TO DO =
Your output should be the lines below from the one with "1PC 23/30/40CM Kawaii" through the one with "Zwarte hybride auto", copied exactly, pictures excluded.

Data entries:
● ● ● ● ● ● ●

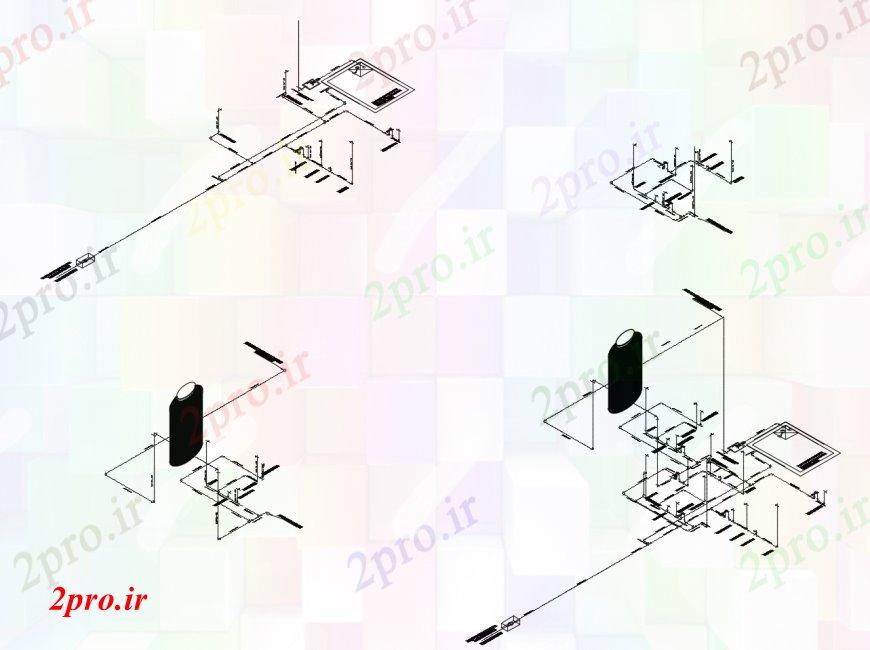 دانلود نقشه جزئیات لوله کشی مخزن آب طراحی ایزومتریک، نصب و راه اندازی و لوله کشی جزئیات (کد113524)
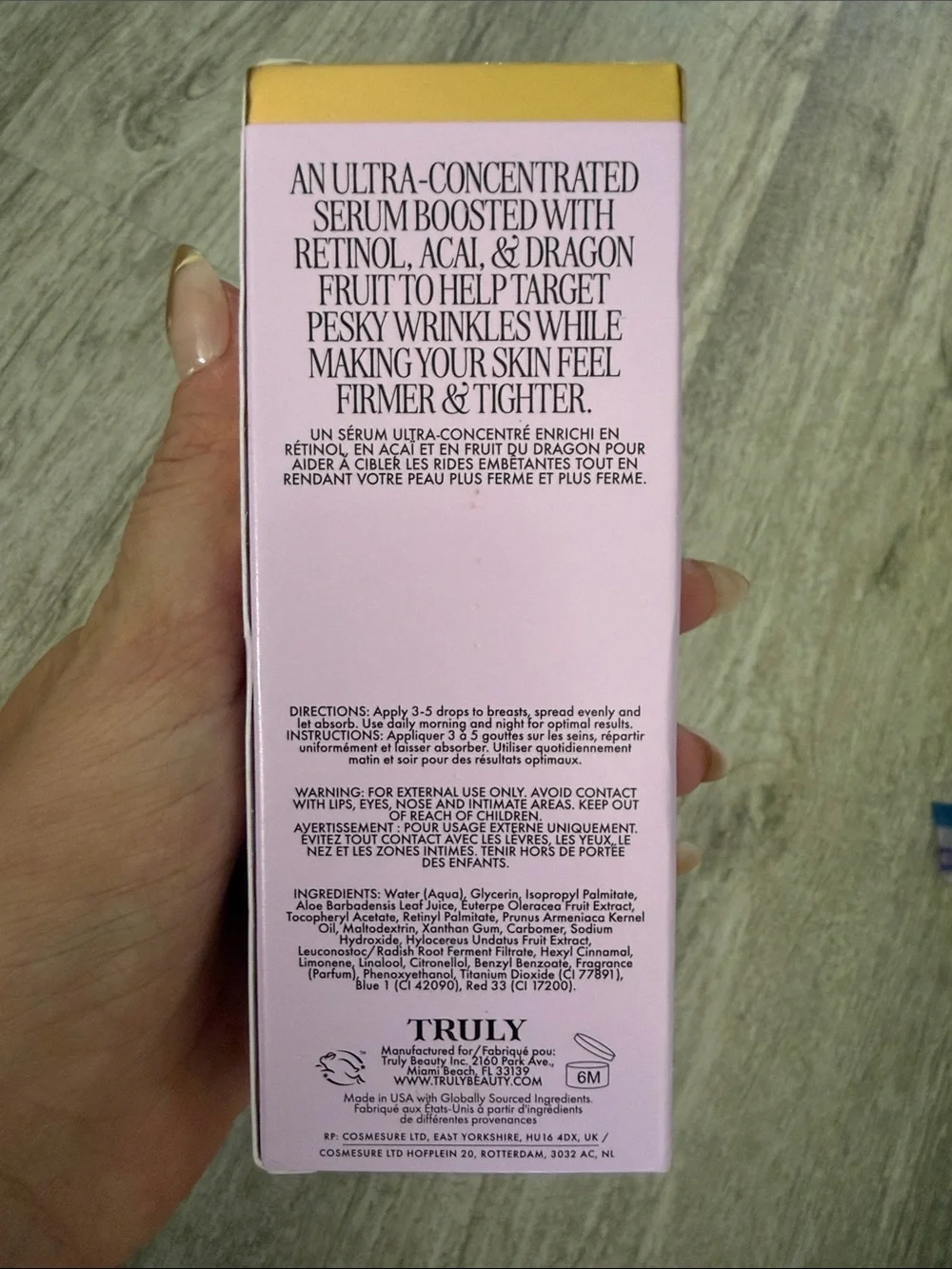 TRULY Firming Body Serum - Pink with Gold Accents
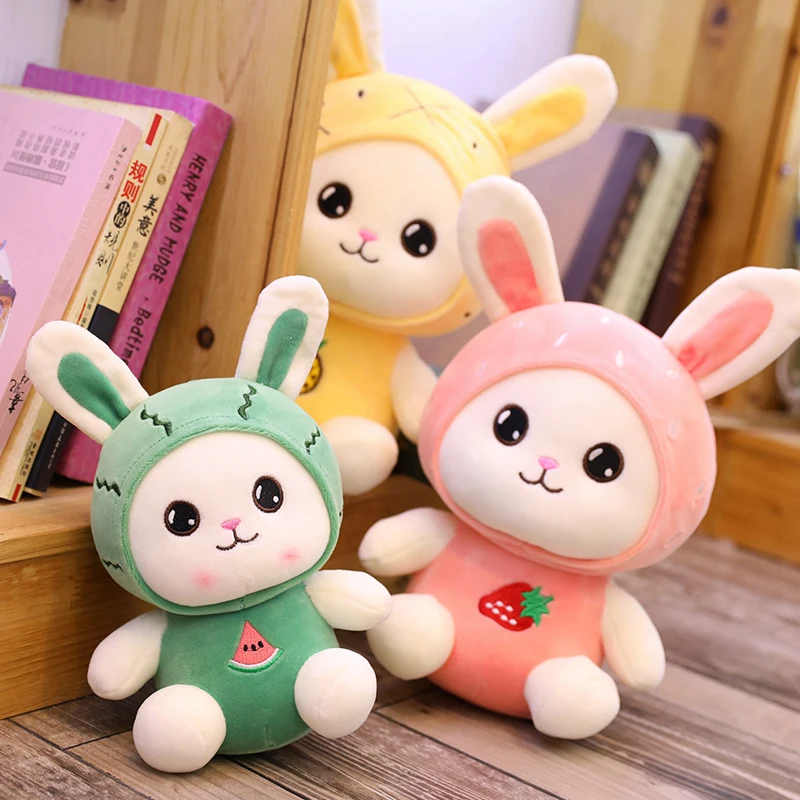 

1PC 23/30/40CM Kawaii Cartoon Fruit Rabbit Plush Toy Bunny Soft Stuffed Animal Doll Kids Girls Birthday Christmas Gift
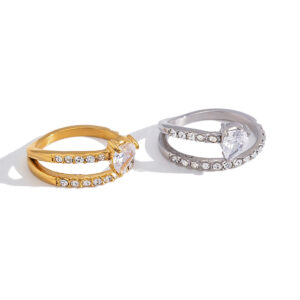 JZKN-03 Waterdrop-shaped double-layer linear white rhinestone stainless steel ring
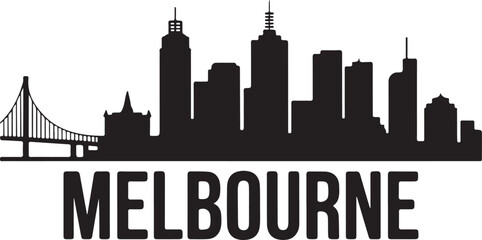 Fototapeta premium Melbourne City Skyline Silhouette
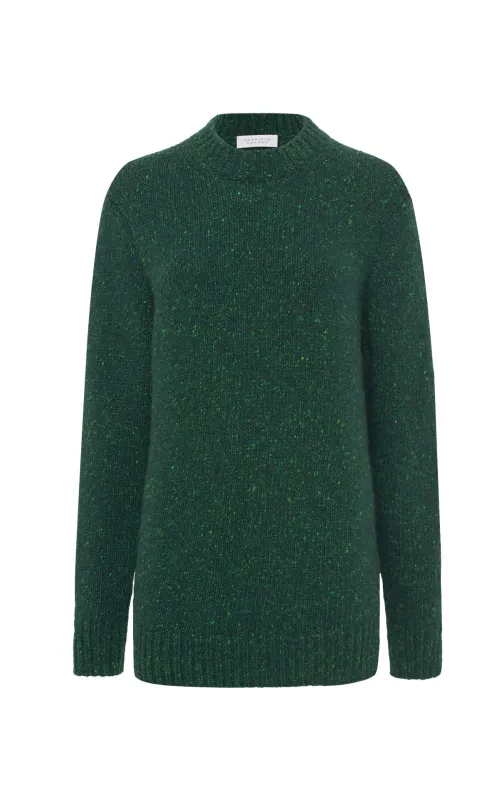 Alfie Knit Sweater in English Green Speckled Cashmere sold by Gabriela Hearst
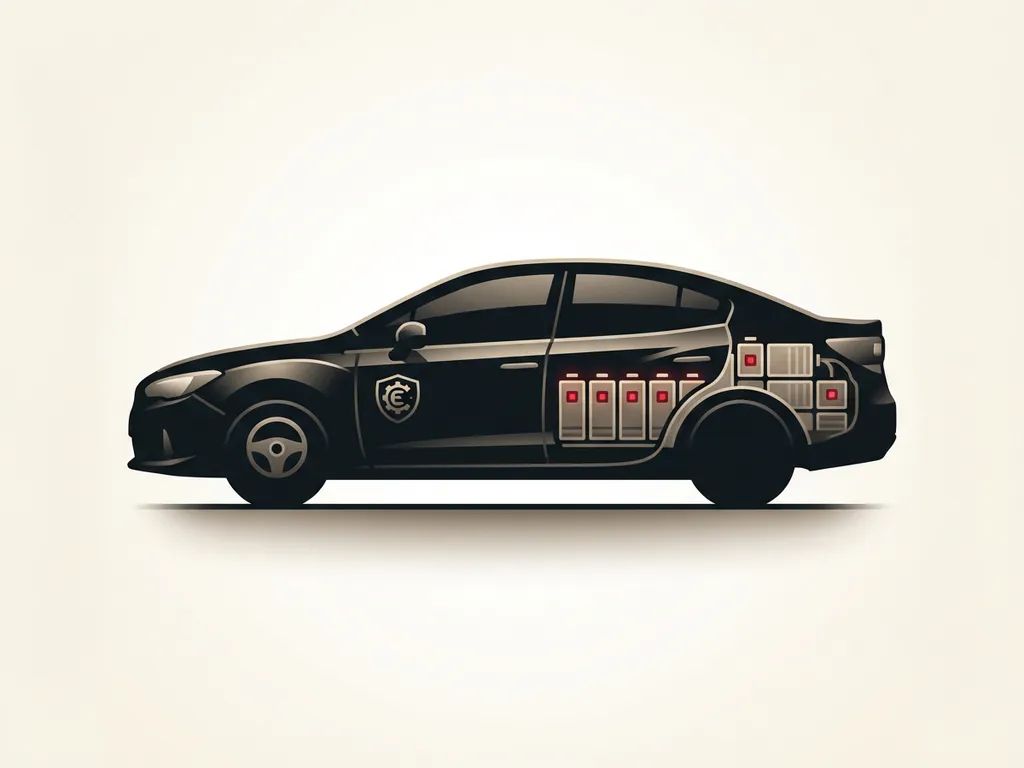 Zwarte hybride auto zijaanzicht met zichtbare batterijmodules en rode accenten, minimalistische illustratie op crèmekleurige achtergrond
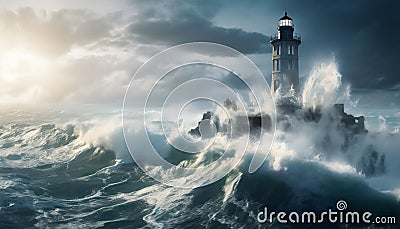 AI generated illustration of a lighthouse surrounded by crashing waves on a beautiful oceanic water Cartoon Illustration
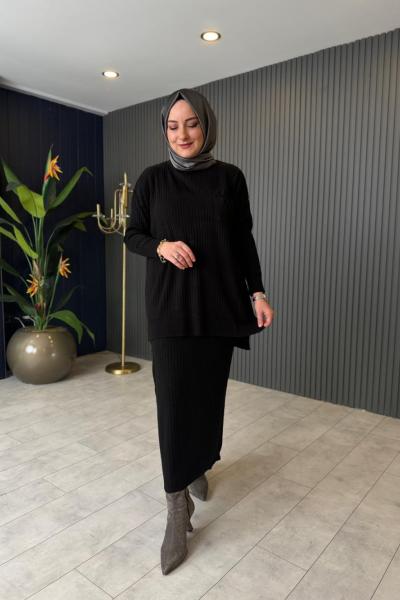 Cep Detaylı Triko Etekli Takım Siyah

● ● ● ● ● ● ●

RESPONSE TO THIS TASK =
1PC 23/30/40CM Kawaii Cartoon Fruit Rabbit Plush Toy Bunny Soft Stuffed Animal Doll Kids Girls Birthday Christmas Gift
 JZKN-03 Waterdrop-shaped double-layer linear white rhinestone stainless steel ring
 Fototapeta premium Melbourne City Skyline Silhouette
 Alfie Knit Sweater in English Green Speckled Cashmere sold by Gabriela Hearst
 Zwarte hybride auto zijaanzicht met zichtbare batterijmodules en rode accenten, minimalistische illustratie op crèmekleurige achtergrond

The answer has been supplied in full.